Re: HTML::TokeParser Problem

Replies are listed 'Best First'.
Re^2: HTML::TokeParser Problem by sirius98 (Acolyte) on Dec 17, 2004 at 03:14 UTC
Its an asp page the actualy tag when i look at the source from the page is below, note the problem at saloon.18". How do i fix this? <input style="display:none" name="stradtext" type="text" value="Mercedes-Benz S500 W220 2002 Zircon Silver Anthracite trim, 4dr Sedan 4.96ltr 8 Cyls Petrol 5sp Auto, 22884kms, One owner. Fully optioned luxury saloon.18" alloy wheels.
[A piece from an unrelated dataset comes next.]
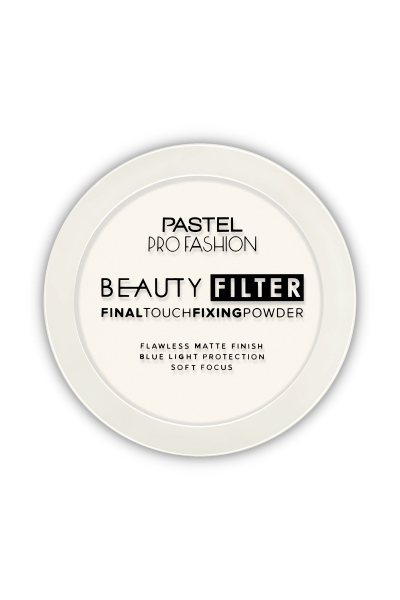 Pastel Beauty Filter Fixing Powder - Pudra 00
Low kilometres. Inspection will not disappoint., ABS, Air Bag, Air Con, CD Player, C'lock, Climate Control, Cruise cont, Electric Seats, Immobiliser, Leather, Logbooks, Mags, Metallic Paint, Phone Kit, Pwr Mirrors, Pwr Windows, Pwr Steer, Radio Cass, Speed Alert, Sunroof, Traction Control, Trip Computer, 802GZE $189950.00 Briggs Carse Moloney 779 Kingsford Smith Drv Eagle Farm (07)36302244">	[reply] [d/l]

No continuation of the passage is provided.